# Imports

In [7]:
%matplotlib inline
import io
import obspy
import numpy as np
import matplotlib.pyplot as plt
import matplotlib
import requests
from soundfile import SoundFile
from modest_image import imshow

matplotlib.rcParams['figure.figsize'] = (25.0, 30.0)

Get the data

In [8]:
url = 'https://rawdata.oceanobservatories.org/files/CE02SHBP/LJ01D/11-HYDBBA106/2015/12/16/OO-HYEA2--YDH-2015-12-16T02:20:00.000000.mseed'
# stream = obspy.read(url, ssl_verify=False)  # Fetch from data server
stream = obspy.read(url)  # Read local file

In [None]:
def stft(data, fs, fft_size=1024, overlap_fac=.5):
    # from https://kevinsprojects.wordpress.com/2014/12/13/short-time-fourier-transform-using-python-and-numpy/
    # data = a numpy array containing the signal to be processed
    # fs = a scalar which is the sampling frequency of the data

    hop_size = np.int32(np.floor(fft_size * (1-overlap_fac)))
    pad_end_size = fft_size          # the last segment can overlap the data by no more than one window size
    total_segments = np.int32(np.ceil(len(data) / np.float32(hop_size)))
    t_max = len(data) / np.float32(fs)

    window = np.hanning(fft_size)  # our half cosine window
    inner_pad = np.zeros(fft_size) # the zeros which will be used to double each segment size

    proc = np.concatenate((data, np.zeros(pad_end_size)))              # the data to process
    result = np.empty((total_segments, fft_size), dtype=np.float32)    # space to hold the result

    for i in xrange(total_segments):                      # for each segment
        current_hop = hop_size * i                        # figure out the current segment offset
        segment = proc[current_hop:current_hop+fft_size]  # get the current segment
        windowed = segment * window                       # multiply by the half cosine function
        padded = np.append(windowed, inner_pad)           # add 0s to double the length of the data
        spectrum = np.fft.fft(padded) / fft_size          # take the Fourier Transform and scale # samples
        autopower = np.abs(spectrum * np.conj(spectrum))  # find the autopower spectrum
        result[i, :] = autopower[:fft_size]               # append to the results array

    result = 20*np.log10(result)          # scale to db
    result = np.clip(result, -40, 200)    # clip values
    return result

def specgram(data):
    X = stft(data, 64000)
    vmin = np.nanpercentile(X, 5)
    vmax = np.nanpercentile(X, 95)
    num_plots = 10
    fig, axes = plt.subplots(num_plots, sharex=False, sharey=True)
    
    x, y = X.shape
    
    yticks = np.linspace(0, y, 9)
    yticklabels = np.round(np.linspace(0, 32000, 9)).astype(int)
    
    step = len(X)/num_plots
    for index in range(num_plots):
        start = index * step
        stop = start + step
        data_slice = X[start:stop]
        ax = axes[index]
        ax.set_ylabel('freq (Hz)')
        ax.set_yticks(yticks)
        ax.set_yticklabels(yticklabels)
        data_axes = plt.imshow(ax, data_slice.T, origin='lower', cmap='jet', interpolation='nearest',
                     aspect='auto', vmin=vmin, vmax=vmax)

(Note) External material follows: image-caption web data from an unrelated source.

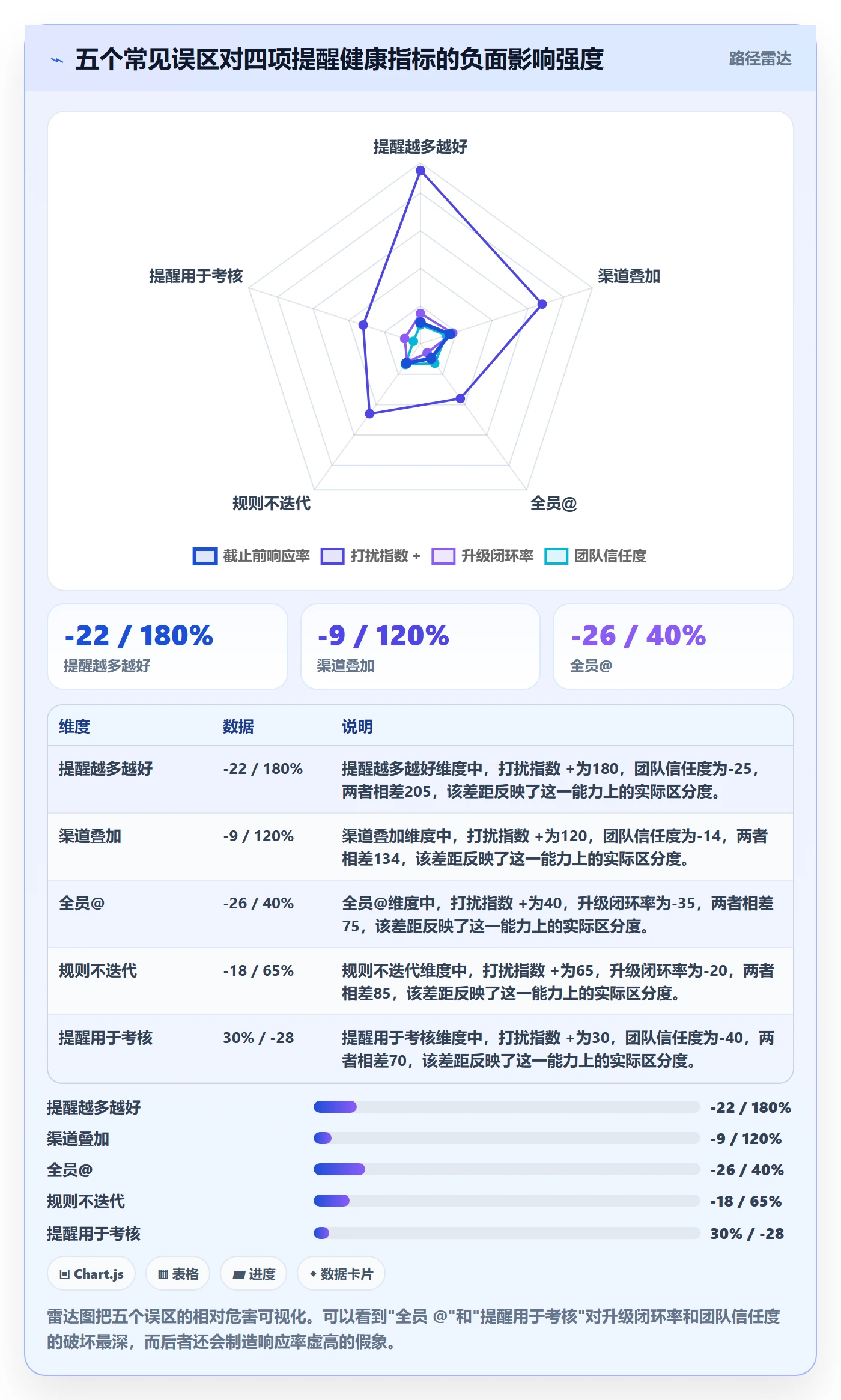 自动提醒实操方法：研发团队提升任务提醒效率的实操方法方法与模板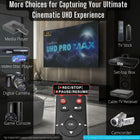 ClonerAlliance UHD Pro Max, 4K Cinematic-FPS 4K@24fps(Max 4K@30fps) Video Recorder with H.265/H.264 Codec, 4K@60fps Passthrough HDMI Capture DVR.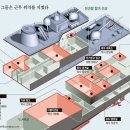 바다그래픽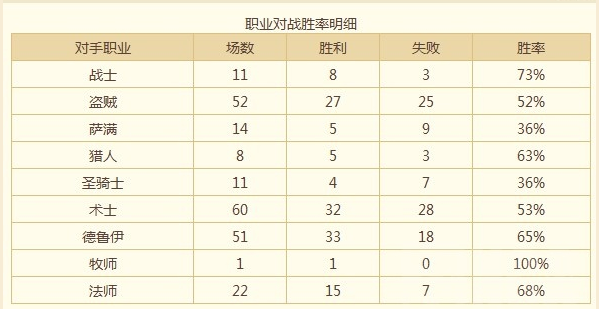 无法抵挡大自然的力量：长城德卡组分享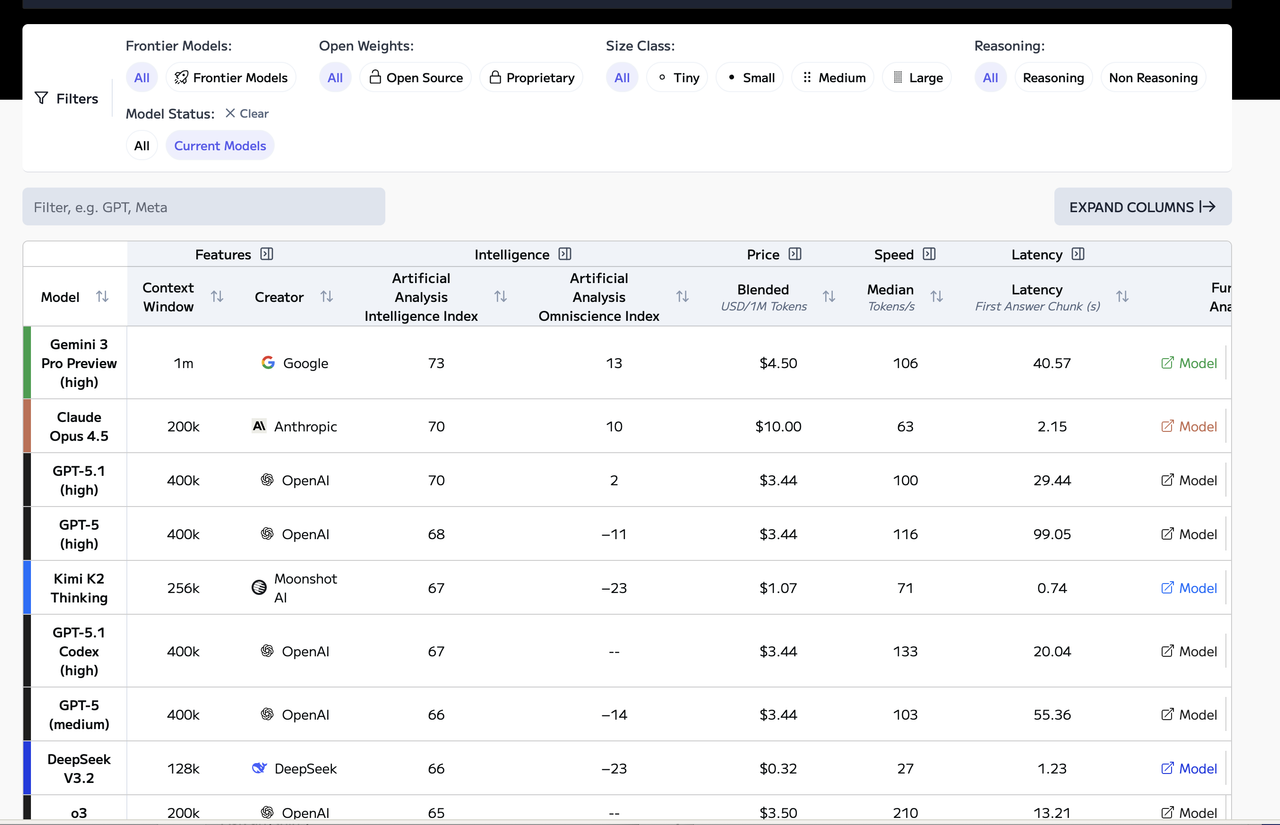 LLM leaderboard screenshot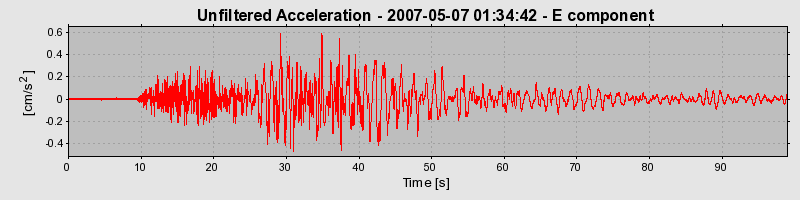 Plot-20160724-8962-iayg9d-0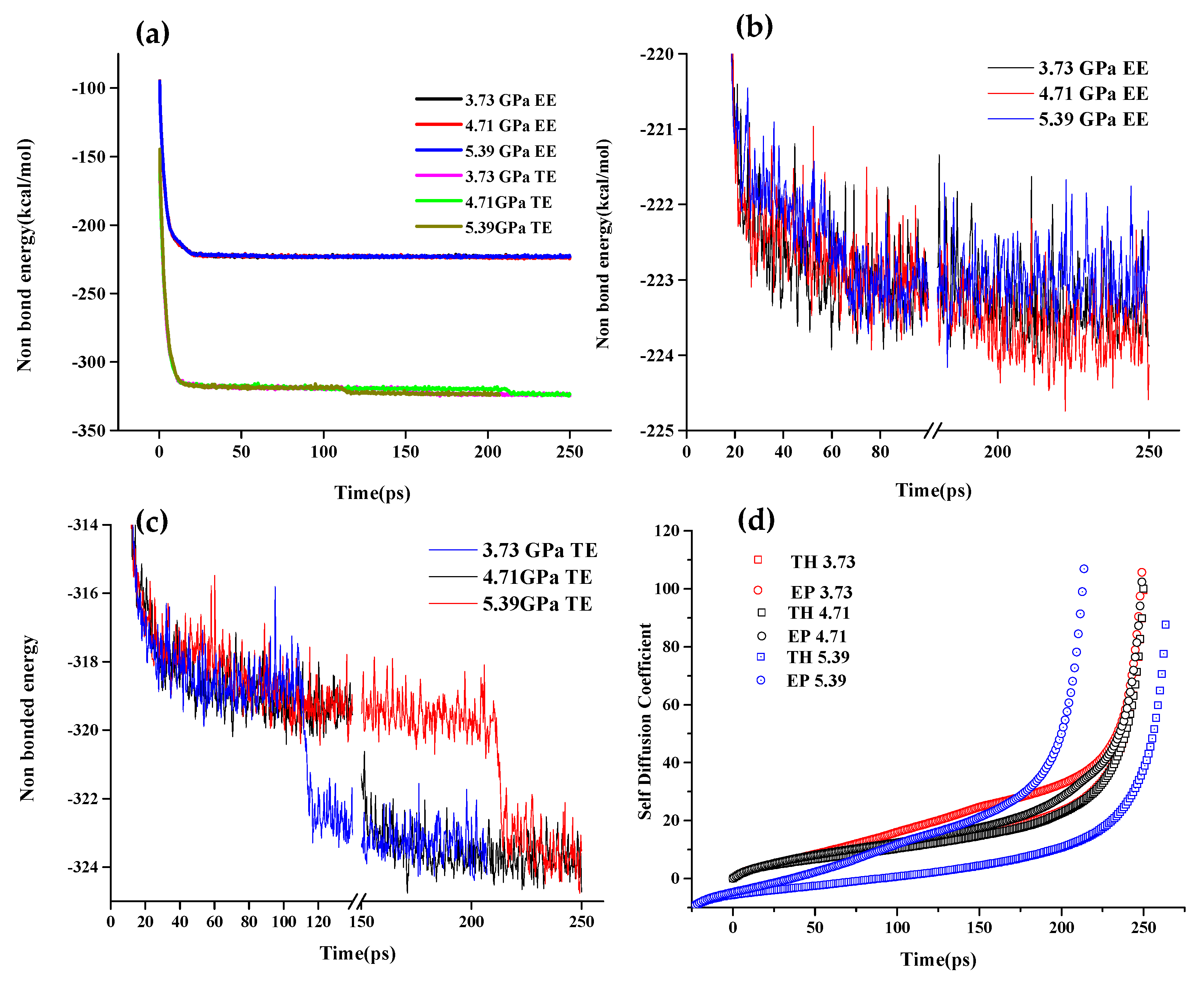 Lubricants 11 00144 g013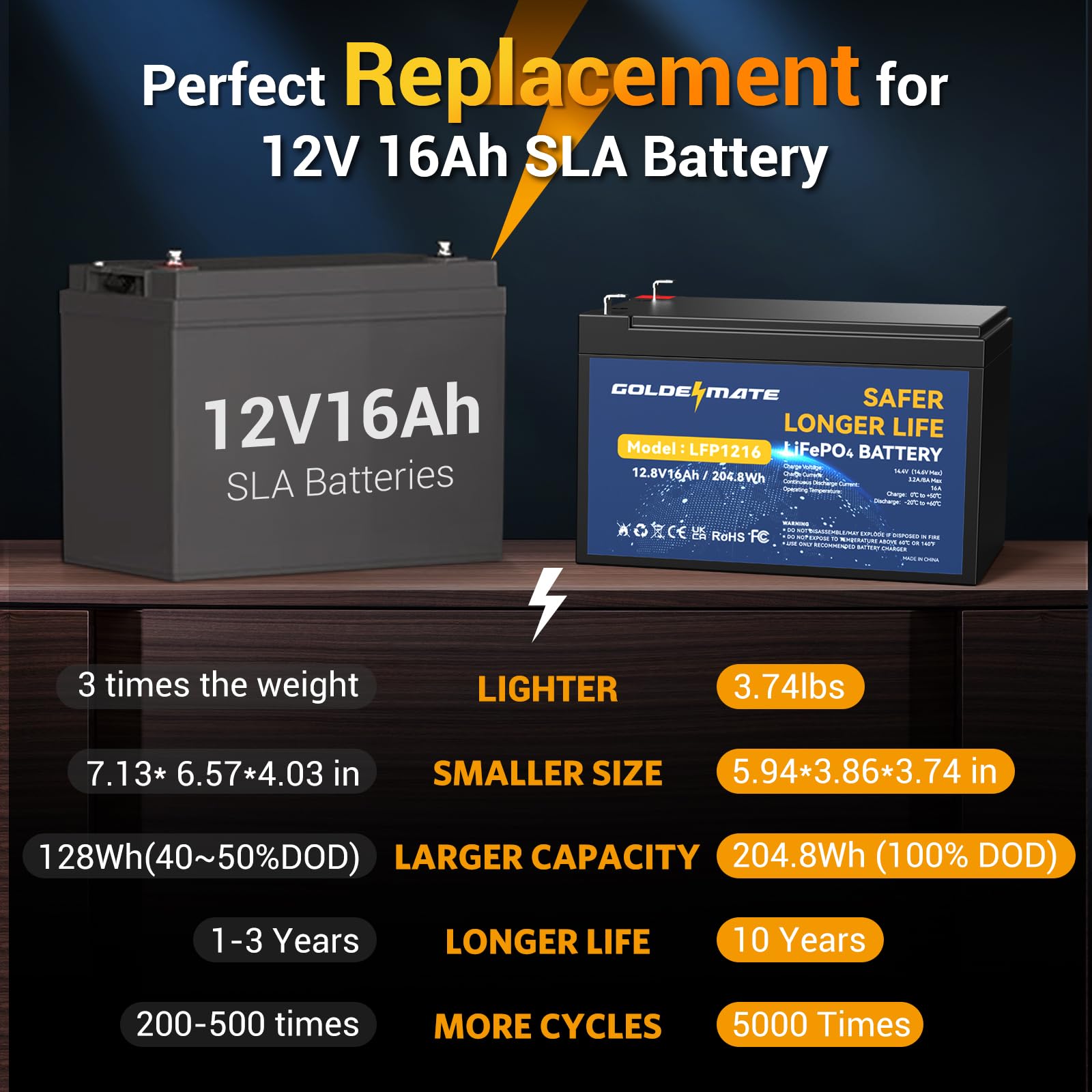 GOLDENMATE 12V 16Ah LiFePO4 Battery, Lithium Batteries 12v with 16A BMS, 5000+ Deep Cycle Lithium Iron Phosphate Rechargeable Battery for Solar, Fish Finder, Power Wheels, Lighting, Ride-on Toys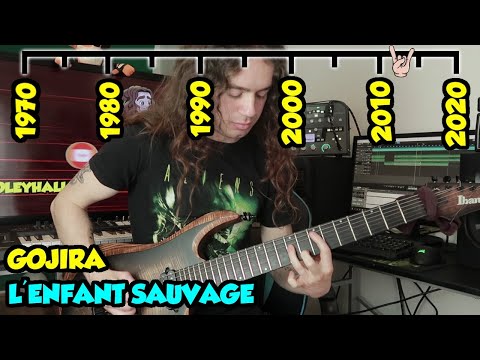 A History Of METAL Guitar RIFFS! 1970-2020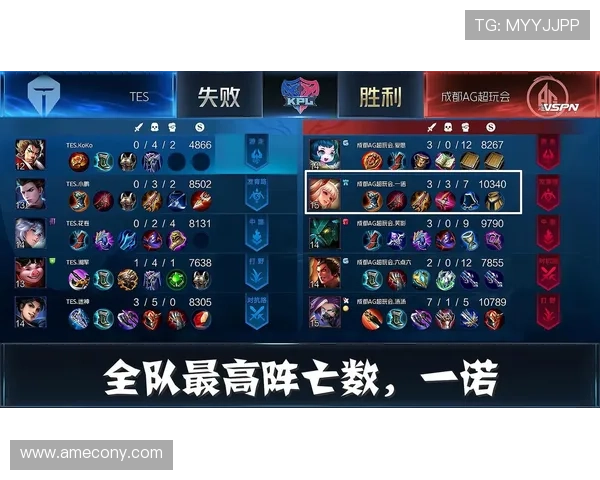 掌握ag游戏试玩的秘密技巧提升你的游戏水平享受刺激精彩的游戏体验与互动乐趣 掌握ag游戏试玩的秘密技巧提升你的游戏水平享受刺激精彩的游戏体验与互动乐趣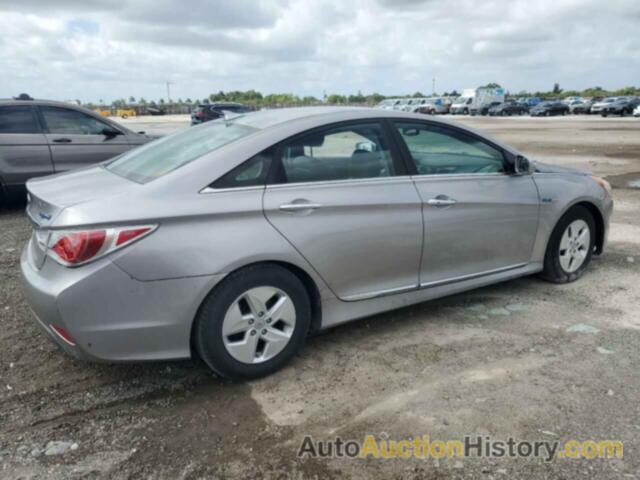 HYUNDAI SONATA HYBRID, KMHEC4A4XCA059217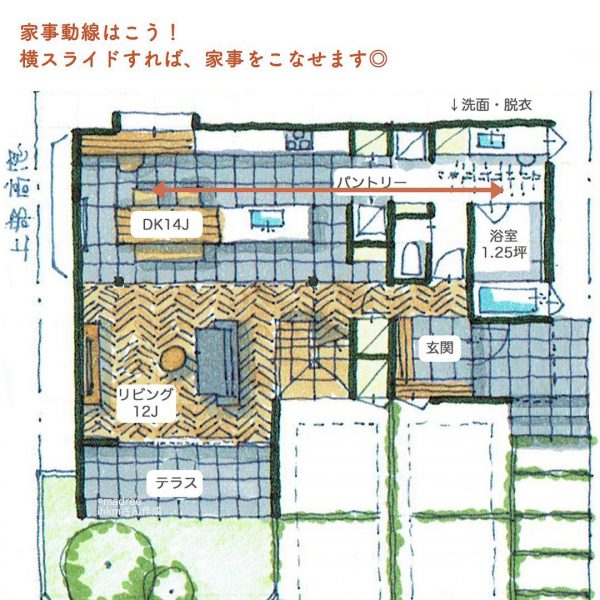 ブルックリンスタイル！生活感を感じさせない間取り。3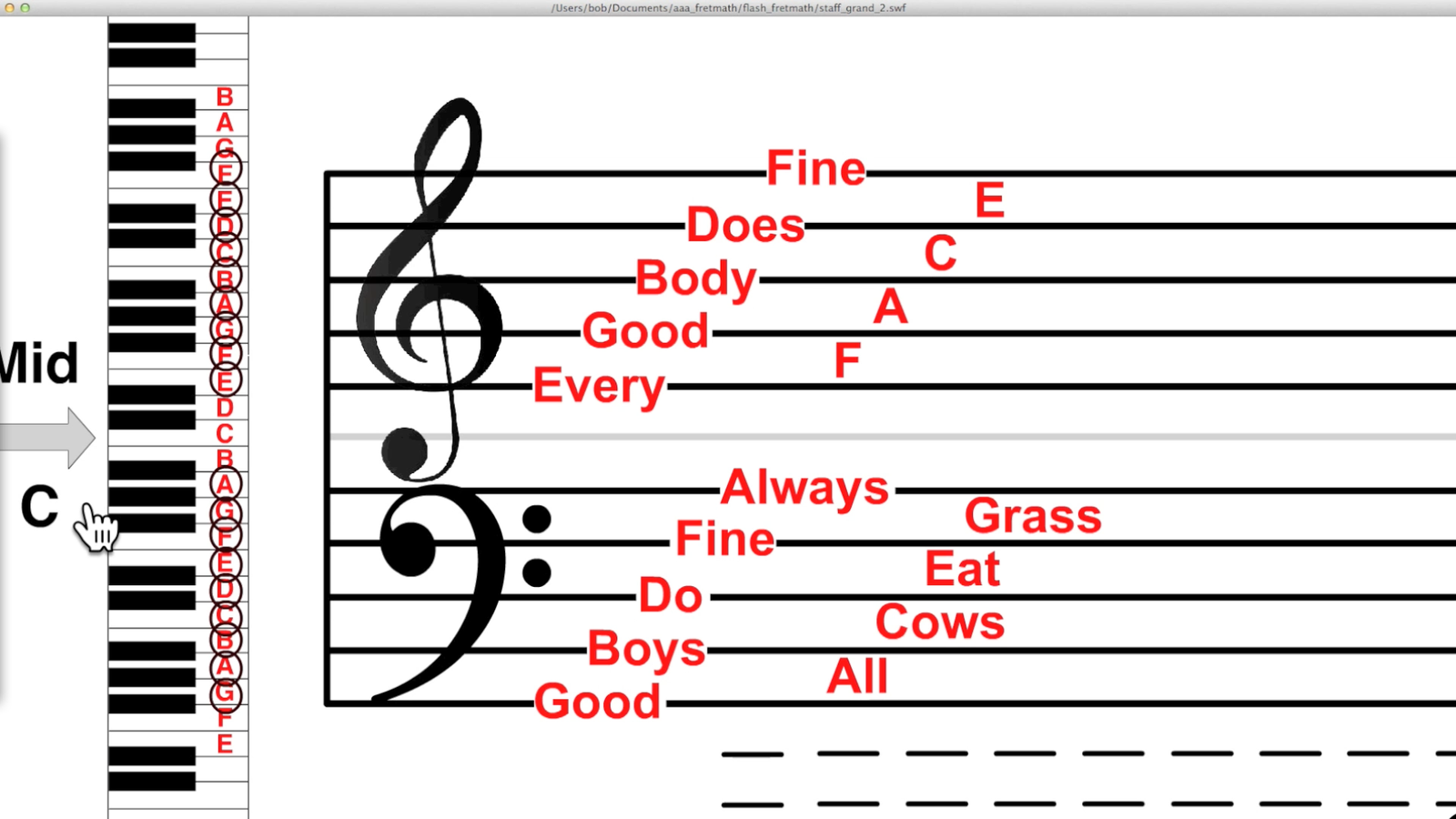 Lines on the Treble Clef: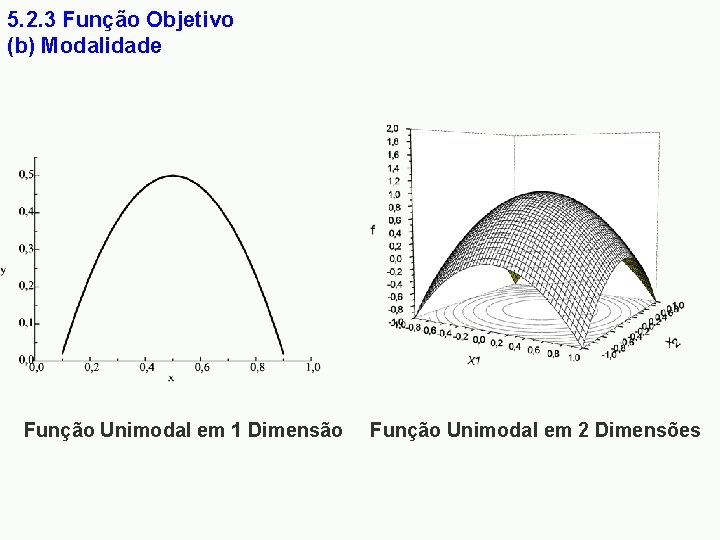 5. 2. 3 Função Objetivo (b) Modalidade Função Unimodal em 1 Dimensão Função Unimodal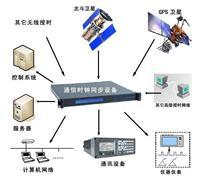 HR-905網(wǎng)絡(luò)時間同步設(shè)備 計算機網(wǎng)絡(luò)技術(shù)發(fā)展中的精準(zhǔn)時間衛(wèi)士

    cax = fig.add_axes([0.965, 0.12, 0.01, 0.775])
    cb = fig.colorbar(data_axes, cax=cax, use_gridspec=True)
    cb.set_label('dB')

Create a spectrogram

In [None]:
specgram(stream[0].data)

Filter out the DC component of the signal

In [None]:
filtered = stream.copy()
filtered.filter('highpass', freq=1000.0)

In [None]:
stream.plot()

In [None]:
filtered.plot()

Write as WAV

In [None]:
filtered.write('voices.wav', format='WAV', framerate=64000, width=2)

In [None]:
stream.write('voices32.wav', format='WAV', framerate=64000)

Write as FLAC

In [None]:
with SoundFile('test24.flac', 'w', 64000, 1, 'PCM_24') as f:
     f.write(stream[0].data / ((2.0**23)-1))

Write an amplified FLAC 

In [None]:
filtered.normalize()
with SoundFile('amped.flac', 'w', 64000, 1) as f:
    f.write(filtered[0].data)